In estremissima sintesi: un furfante di successo, e che foraggia dall'esterno un partito canaglia che porterà alla rovina socio-economica una nazione intera, si "presta alla Politica" e produce dall'interno del 'Governo' - in qualità di "eletto" e va da sè, a proprio esclusivo lungimirante tornaconto - delle 'Leggi-vergogna' criminogene. Il capolavoro delle quali, finalizzato al "Grande Vajont". Il ladrone mafioso e miliardario fascista di comodo (è Giovanni Volpi) muore (1947) ma non prima di vedere riconosciuta e legalizzata, da parte dello Stato repubblicano e teoricamente "antagonista" (L. Einaudi) la propria rapina/abuso pluri-pluri-miliardaria. Punto.

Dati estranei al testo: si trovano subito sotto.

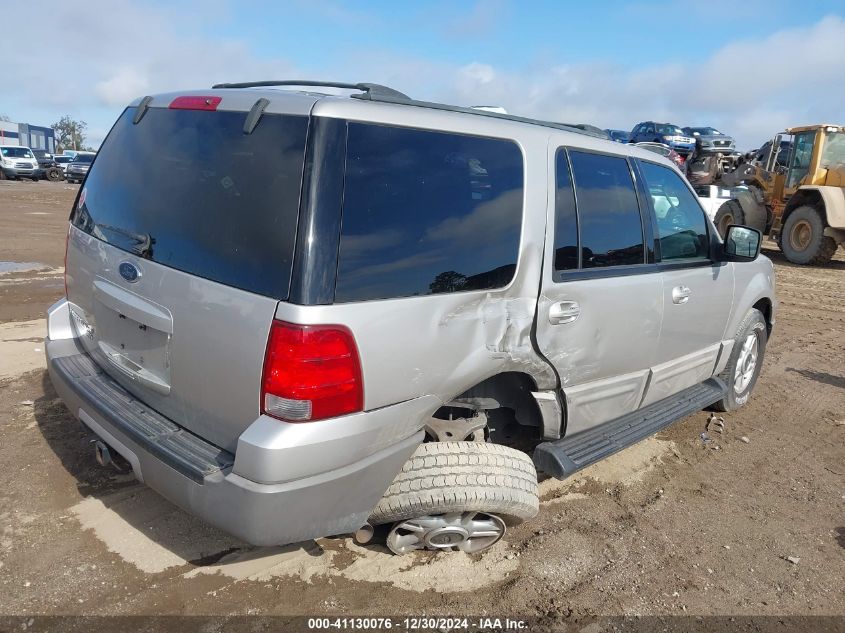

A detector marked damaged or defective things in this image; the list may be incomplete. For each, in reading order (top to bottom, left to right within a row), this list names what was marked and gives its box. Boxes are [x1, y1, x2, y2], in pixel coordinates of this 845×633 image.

E veniamo all'oggi. Fondi, Latina, Longarone e annessi & connessi.
Tutta la marmaglia fasciopositiva legalizzata*, da sessant'anni a questa parte, prospera succhiando il sangue (spesso anche fuor di metafora) dalla parte migliore del Paese. Silenziosamente, efficacemente (es. Giovanni Leone, poi divenuto il più impresentabile - finora - Capo dello $tato). Hanno prosperato, proliferato, consolidato alleanze e parentele, fondato partiti (MSI). Ne hanno distrutti altri (Craxi), minando le basi stesse del "Sistema Italia", compromettendone il futuro e diventando via via Mafia tout court, nella 'democratica' assenza di efficaci contrasti (sinistre: la morte di Berlinguer Enrico è un po' l'8 settembre democratico). Questa gente* è negli Enti pubblici, nei ministeri (talvolta ministro nuovamente!), nei posti chiave come e più che nel "Piano Rinascita" della P2. Non fosse morto G. Volpi, Gelli sarebbe stato un lavapiatti qualsiasi, a confronto, ma tant'è.

Ovvio e direi "naturale" nel senso più atroce del termine, che OGGI, con tutte queste "lezioni" che hanno ammaestrato e ammorbidito (ammorbato, mitridatizzato) l'opinione pubblica, possano essere emersi personaggi di terza categoria come i Papi puttanieri, e la loro corte di nuovi mostri. Mancano (biologicamente) i riferimenti morali e esemplari quotidiani di quei "Valori" che mossero i giovani e meno giovai del '43 a agire per un futuro migliore. L'amnistia del '46 ha insozzato/oltraggiato e sepolto definitivamente - fattualmente - l'idea. Che resta però nella Costituzione. Quando venne scritta, nemmeno un mentecatto avrebbe potuto prevedere che un mentecatto furfante matricolato sarebbe apparso all'orizzonte un giorno alla guida del Paese, e votato da milioni di debosciati acritici o COLLUSI. Ma tant'è.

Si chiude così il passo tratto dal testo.